Mixed search spaces#
This notebook demonstrates optimization of mixed search spaces in Trieste.
The example function is defined over 2D input space that is a combination of a discrete and a continuous search space. The problem is a modification of the Branin function where one of the input dimensions is discretized.
[1]:
import numpy as np
import tensorflow as tf
np.random.seed(1793)
tf.random.set_seed(1793)
The problem#
The Branin function is a common optimization benchmark that has three global minima.
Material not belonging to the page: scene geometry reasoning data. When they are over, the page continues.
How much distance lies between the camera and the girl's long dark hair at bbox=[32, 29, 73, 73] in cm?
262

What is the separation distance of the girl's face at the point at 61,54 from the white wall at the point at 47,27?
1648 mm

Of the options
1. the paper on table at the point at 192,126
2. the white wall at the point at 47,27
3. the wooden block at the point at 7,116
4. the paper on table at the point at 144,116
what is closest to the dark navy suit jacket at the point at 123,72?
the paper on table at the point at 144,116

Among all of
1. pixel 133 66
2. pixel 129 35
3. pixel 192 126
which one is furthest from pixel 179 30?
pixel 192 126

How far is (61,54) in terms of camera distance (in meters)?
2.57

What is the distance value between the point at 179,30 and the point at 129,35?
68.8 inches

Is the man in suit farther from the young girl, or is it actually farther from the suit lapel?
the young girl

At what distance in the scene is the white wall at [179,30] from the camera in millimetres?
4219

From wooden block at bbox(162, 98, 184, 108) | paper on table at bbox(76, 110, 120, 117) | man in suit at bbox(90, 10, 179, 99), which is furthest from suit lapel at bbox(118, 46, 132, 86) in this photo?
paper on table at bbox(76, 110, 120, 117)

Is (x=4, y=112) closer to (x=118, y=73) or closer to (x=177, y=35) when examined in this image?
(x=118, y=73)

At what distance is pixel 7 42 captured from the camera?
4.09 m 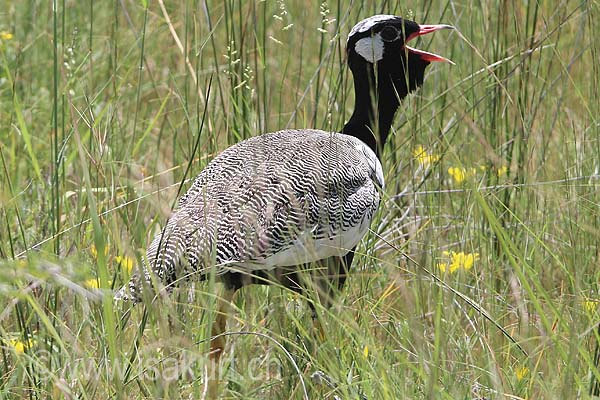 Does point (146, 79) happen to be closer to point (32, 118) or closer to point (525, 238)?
point (32, 118)

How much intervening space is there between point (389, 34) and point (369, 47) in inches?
2.9

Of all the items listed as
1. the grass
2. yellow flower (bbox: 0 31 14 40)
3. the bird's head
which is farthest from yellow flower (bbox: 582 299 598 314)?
yellow flower (bbox: 0 31 14 40)

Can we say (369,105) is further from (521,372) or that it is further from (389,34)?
(521,372)

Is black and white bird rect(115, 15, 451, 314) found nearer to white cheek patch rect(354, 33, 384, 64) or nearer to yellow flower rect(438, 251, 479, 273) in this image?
white cheek patch rect(354, 33, 384, 64)

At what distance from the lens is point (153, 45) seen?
4992 mm

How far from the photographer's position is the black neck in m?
3.47

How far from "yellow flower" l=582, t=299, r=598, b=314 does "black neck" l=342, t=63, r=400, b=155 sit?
1056 millimetres

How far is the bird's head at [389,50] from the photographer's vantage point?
3379 millimetres

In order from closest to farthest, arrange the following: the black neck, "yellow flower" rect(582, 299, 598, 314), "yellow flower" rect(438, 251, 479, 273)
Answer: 1. "yellow flower" rect(582, 299, 598, 314)
2. "yellow flower" rect(438, 251, 479, 273)
3. the black neck

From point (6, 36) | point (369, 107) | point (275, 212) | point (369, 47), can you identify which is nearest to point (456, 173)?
point (369, 107)

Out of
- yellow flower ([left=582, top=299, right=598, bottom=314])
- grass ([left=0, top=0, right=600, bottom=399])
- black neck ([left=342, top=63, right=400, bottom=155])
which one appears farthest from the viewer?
black neck ([left=342, top=63, right=400, bottom=155])

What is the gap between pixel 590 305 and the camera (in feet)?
8.28

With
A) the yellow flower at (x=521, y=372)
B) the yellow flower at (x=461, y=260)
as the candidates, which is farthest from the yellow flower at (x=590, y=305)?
the yellow flower at (x=461, y=260)

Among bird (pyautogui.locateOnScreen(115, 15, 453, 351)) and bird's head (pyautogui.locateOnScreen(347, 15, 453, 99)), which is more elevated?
bird's head (pyautogui.locateOnScreen(347, 15, 453, 99)) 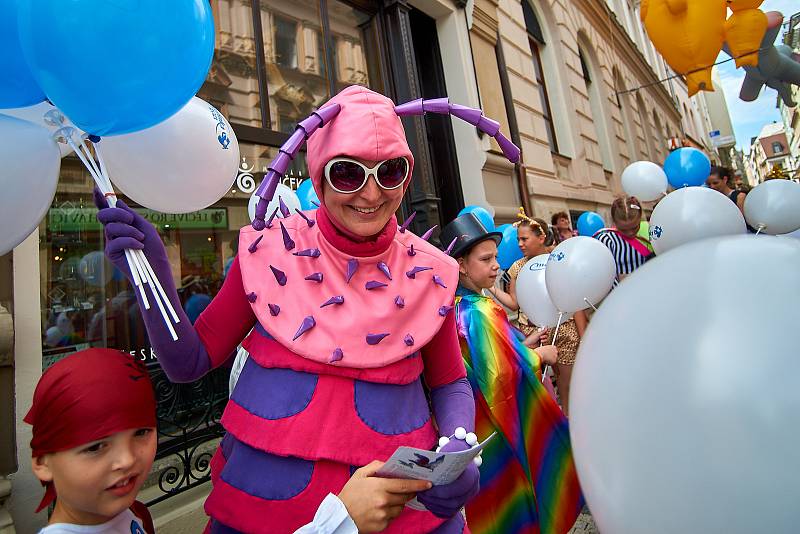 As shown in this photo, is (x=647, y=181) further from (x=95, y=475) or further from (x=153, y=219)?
(x=95, y=475)

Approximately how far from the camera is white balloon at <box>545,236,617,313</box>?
271 cm

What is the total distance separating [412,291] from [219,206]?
289 centimetres

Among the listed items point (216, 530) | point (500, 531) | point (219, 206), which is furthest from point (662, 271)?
point (219, 206)

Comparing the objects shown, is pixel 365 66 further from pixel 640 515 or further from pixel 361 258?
pixel 640 515

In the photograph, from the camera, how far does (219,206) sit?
11.9ft

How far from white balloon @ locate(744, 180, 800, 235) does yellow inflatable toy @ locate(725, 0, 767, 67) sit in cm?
201

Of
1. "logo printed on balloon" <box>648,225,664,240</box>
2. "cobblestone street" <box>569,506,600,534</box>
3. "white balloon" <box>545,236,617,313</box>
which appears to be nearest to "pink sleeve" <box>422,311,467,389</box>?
"white balloon" <box>545,236,617,313</box>

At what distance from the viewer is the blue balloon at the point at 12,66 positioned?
0.96m

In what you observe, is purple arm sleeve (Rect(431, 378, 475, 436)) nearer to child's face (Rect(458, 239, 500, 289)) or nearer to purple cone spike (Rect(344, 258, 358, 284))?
purple cone spike (Rect(344, 258, 358, 284))

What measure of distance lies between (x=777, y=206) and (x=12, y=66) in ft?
12.8

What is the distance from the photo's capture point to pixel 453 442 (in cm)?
101

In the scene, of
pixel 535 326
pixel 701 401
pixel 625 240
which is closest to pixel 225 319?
pixel 701 401

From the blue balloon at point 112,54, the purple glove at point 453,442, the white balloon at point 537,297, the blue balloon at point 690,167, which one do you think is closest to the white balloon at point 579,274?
the white balloon at point 537,297

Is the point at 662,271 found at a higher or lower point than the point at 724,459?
higher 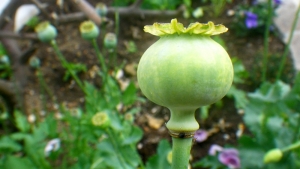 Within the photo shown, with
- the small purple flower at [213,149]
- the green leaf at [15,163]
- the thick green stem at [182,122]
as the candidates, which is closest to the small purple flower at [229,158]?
the small purple flower at [213,149]

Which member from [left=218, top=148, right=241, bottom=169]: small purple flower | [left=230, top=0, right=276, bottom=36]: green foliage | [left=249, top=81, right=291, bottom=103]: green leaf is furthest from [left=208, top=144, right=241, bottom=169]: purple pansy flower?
[left=230, top=0, right=276, bottom=36]: green foliage

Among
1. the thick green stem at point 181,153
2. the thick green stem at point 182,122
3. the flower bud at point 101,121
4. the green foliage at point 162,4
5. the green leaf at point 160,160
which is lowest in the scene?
the green foliage at point 162,4

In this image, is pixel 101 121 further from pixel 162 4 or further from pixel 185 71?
pixel 162 4

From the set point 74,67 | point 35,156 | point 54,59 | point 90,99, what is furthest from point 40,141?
point 54,59

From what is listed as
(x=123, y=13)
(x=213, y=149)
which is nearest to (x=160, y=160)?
(x=213, y=149)

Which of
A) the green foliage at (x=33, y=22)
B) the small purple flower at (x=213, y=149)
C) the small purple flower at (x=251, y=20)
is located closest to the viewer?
the small purple flower at (x=213, y=149)

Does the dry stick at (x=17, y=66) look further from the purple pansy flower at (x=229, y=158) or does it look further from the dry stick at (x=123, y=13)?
the purple pansy flower at (x=229, y=158) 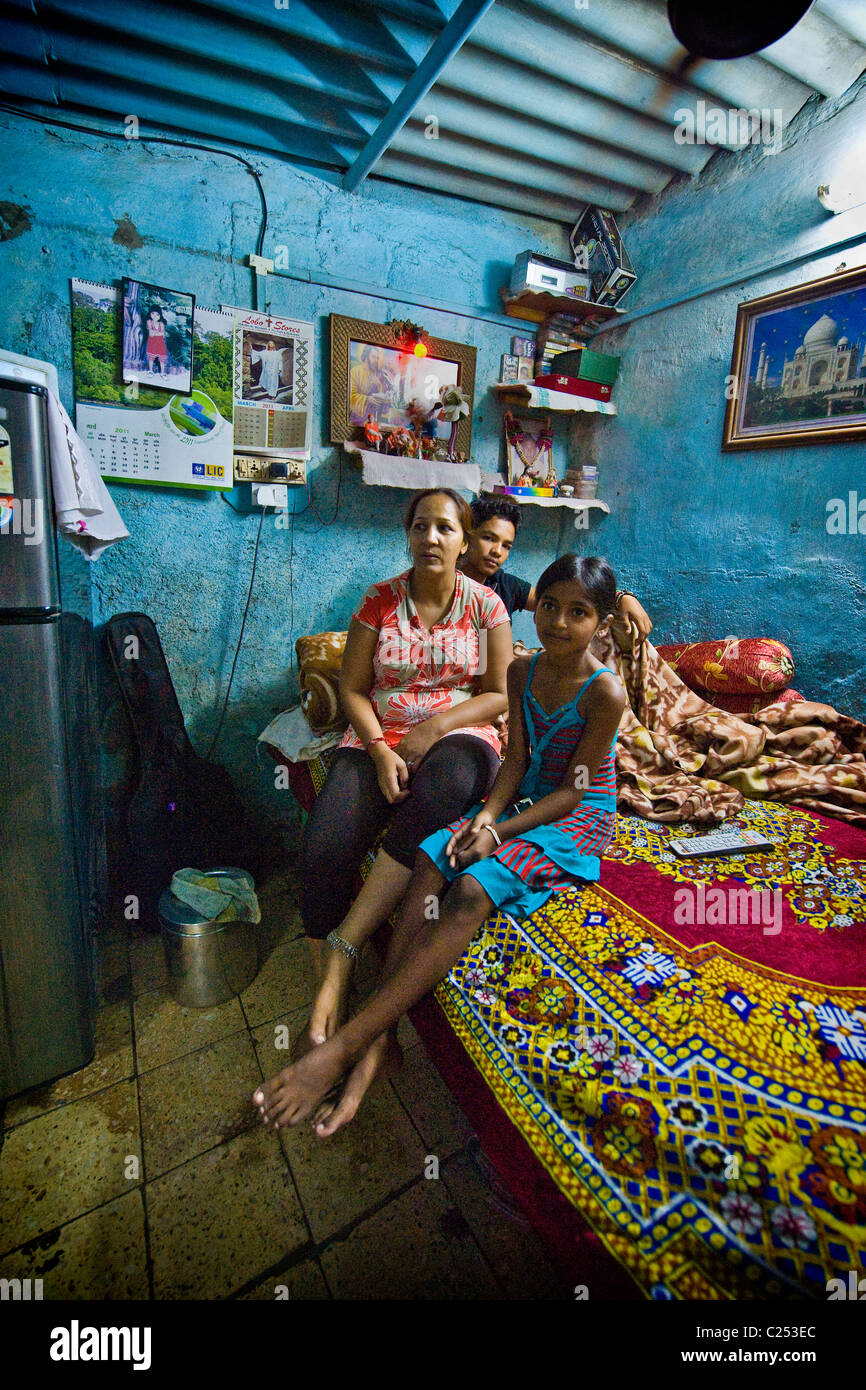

It is normally defined over a 2D continuous search space.
We first show the Branin function over its original continuous search space.
[2]:
from trieste.experimental.plotting import plot_function_plotly
from trieste.objectives import ScaledBranin
scaled_branin = ScaledBranin.objective
fig = plot_function_plotly(
scaled_branin,
ScaledBranin.search_space.lower,
ScaledBranin.search_space.upper,
)
fig.show()
In order to convert the Branin function from a continuous to a mixed search space problem, we modify it by discretizing its first input dimension.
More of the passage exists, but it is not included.